Delicious Candy Pickles Factory
- Company type: Privately held company
- Industry: Food
- Founded: 2014; 12 years ago in Desoto, Texas, U.S.
- Founder: Heather J. Perkins
- Headquarters: Desoto, Texas, United States
- Area served: United States
- Products: Candy Pickles, Chamoy Pickle, Stuffed Pickles
- Website: deliciouscandypicklesfactory.com

= Delicious Candy Pickles Factory =

American confectionery company

Delicious Candy Pickles Factory is an American candy company that sells flavored candy pickles.
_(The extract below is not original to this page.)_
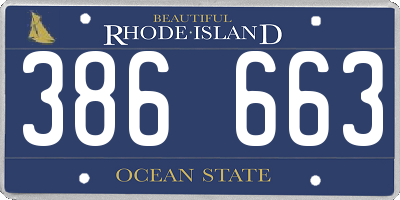 RI license plate 386663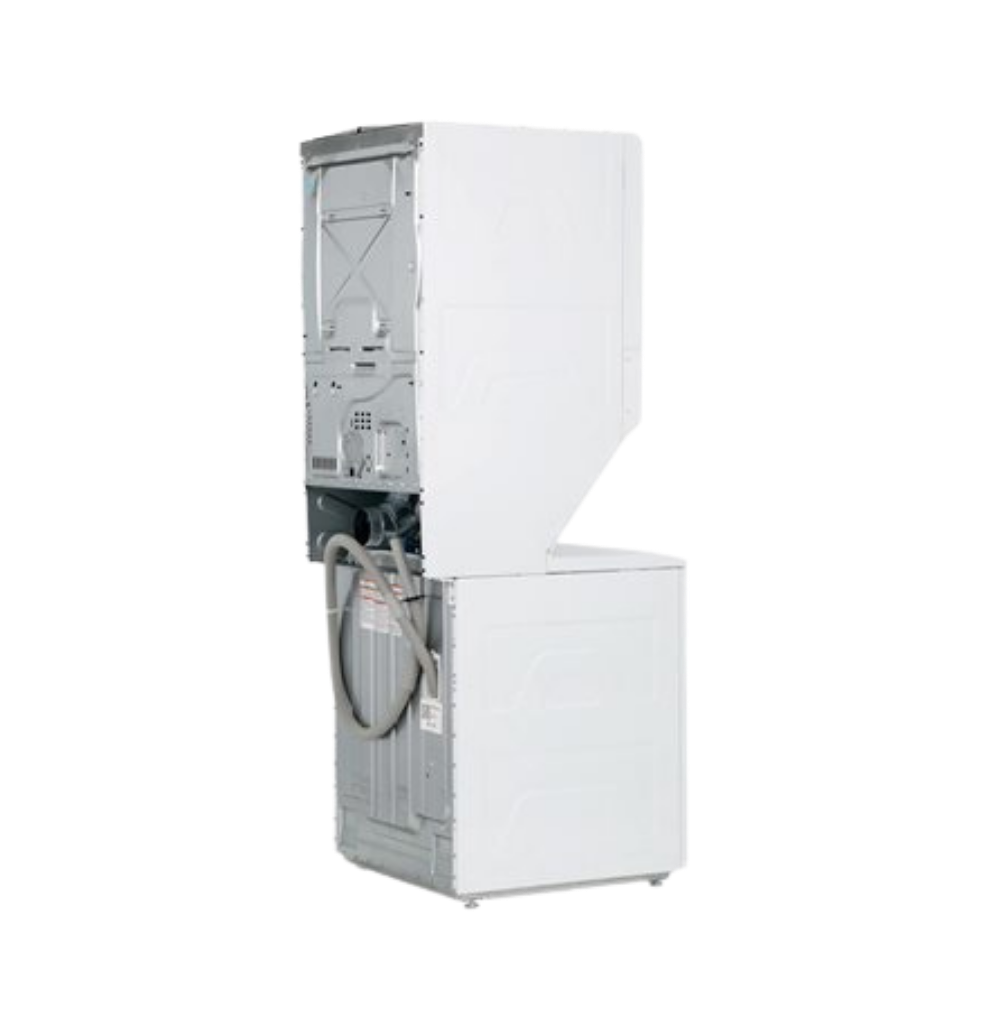Buanderie superposée laveuse & sécheuse électrique 27″ GE blanc (déballé)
The company was founded in 2014 by Heather Perkins and is headquartered in Desoto, Texas. Delicious Candy Pickles Factory has up to 250 candy pickle flavors and has a name in the State Fair of Texas.

== History ==
Delicious Candy Pickles Factory is a family-owned business, founded by Heather Perkins in 2014. The company is based in Desoto, Texas. As of 2022, the company prepares 250 flavors of candy pickles.

== Products and Services ==
Their products include Chamoy Pickle, Jolly Green Giant, Unicorn, Tropical Punch Rainbow, Cotton Candy Pickle, Candy Pinata, Lemon Head Crunch, Sweet & Sour Drop, Cherry Popsicle, Birthday Cake, Pineapple Twist, Tropical Punch Rainbow, Chamoy Pickle, Candy Apple Coated Pickle, Crushed Jolly Rancher, Pickles on a Stick, Pickles in a Cup, Chocolate Coated Pickles, and Cotton Candy Pickle.